(Brief descriptive captions)
______

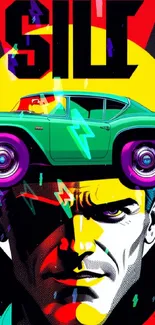 Retro pop art wallpaper with vibrant car illustration.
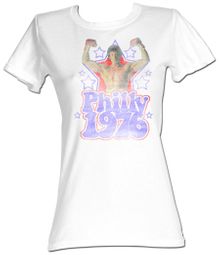 Rocky Juniors T-shirt Distressed Philly 1976 White Tee Shirt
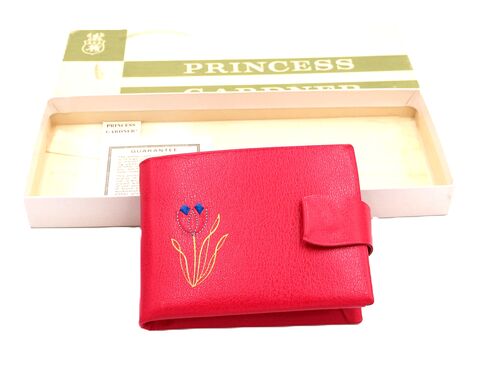 Vintage,60s,-,PRINCESS,GARDNER,Pink,Leather,Wallet,in,Box,NOS,Mid,Century,Princess Gardner, vintage wallet, vintage coin purse, pink, flower, 60s, leather, box, inserts, tag, billfold, mid century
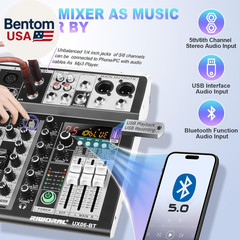 6 Channel Audio Interface Sound Board Mixing Console 16-Bit DSP DJ Mixer Audio R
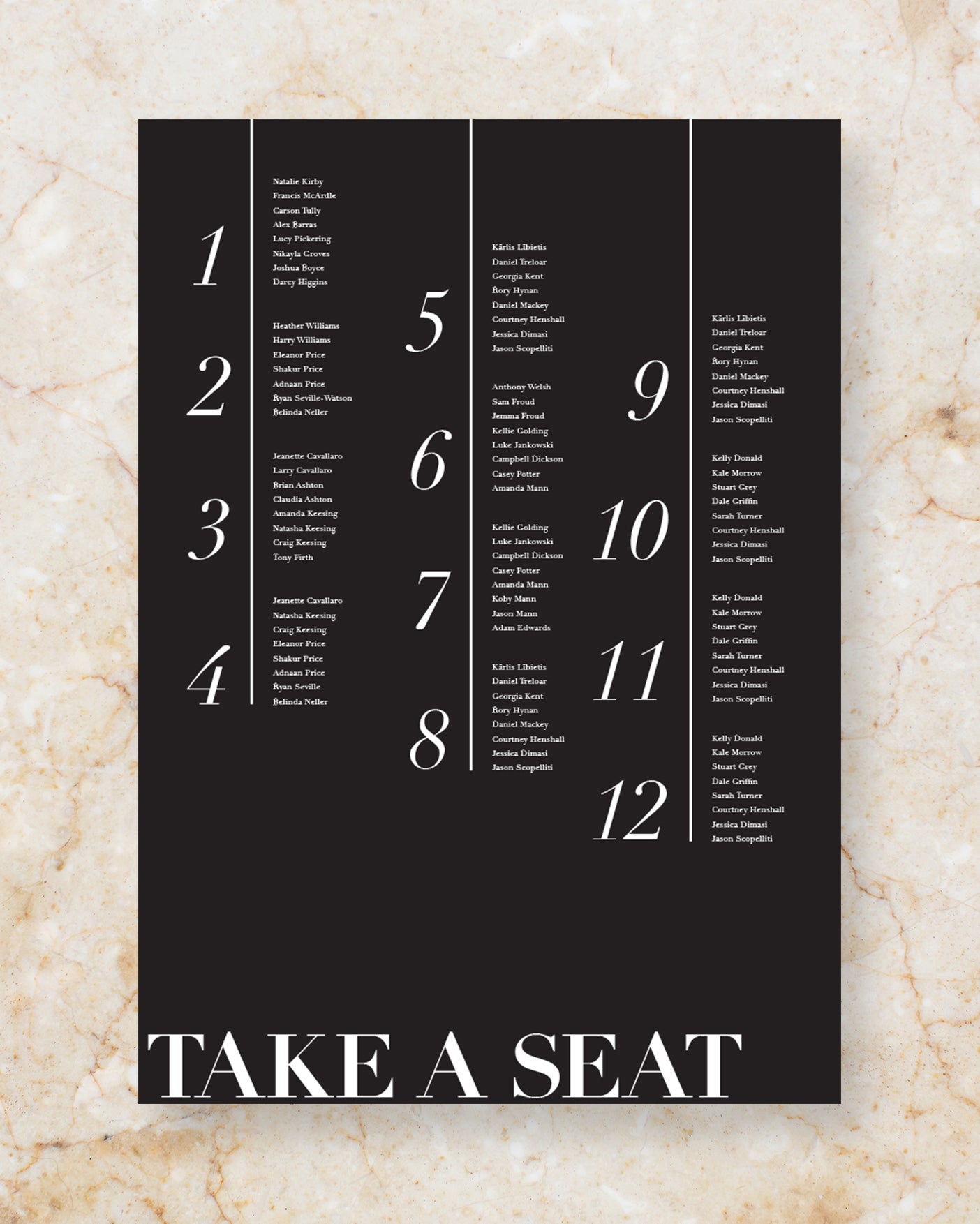 Bodoni seating chart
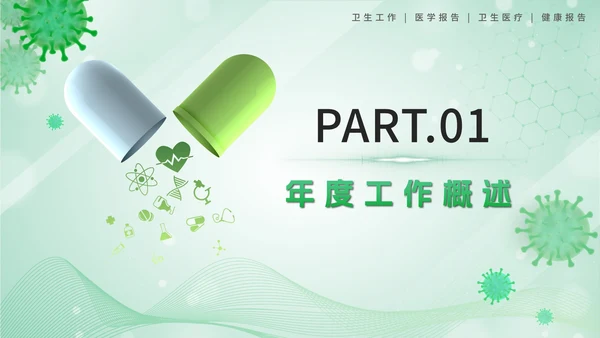 绿色卫生站医学报告PPT模板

______

### BRIEF
Your answer must be the records above, copied exactly, with no pictures.

### EXERCISE SOLUTION
 Retro pop art wallpaper with vibrant car illustration.
 Rocky Juniors T-shirt Distressed Philly 1976 White Tee Shirt
 Vintage,60s,-,PRINCESS,GARDNER,Pink,Leather,Wallet,in,Box,NOS,Mid,Century,Princess Gardner, vintage wallet, vintage coin purse, pink, flower, 60s, leather, box, inserts, tag, billfold, mid century
 6 Channel Audio Interface Sound Board Mixing Console 16-Bit DSP DJ Mixer Audio R
 Bodoni seating chart
 绿色卫生站医学报告PPT模板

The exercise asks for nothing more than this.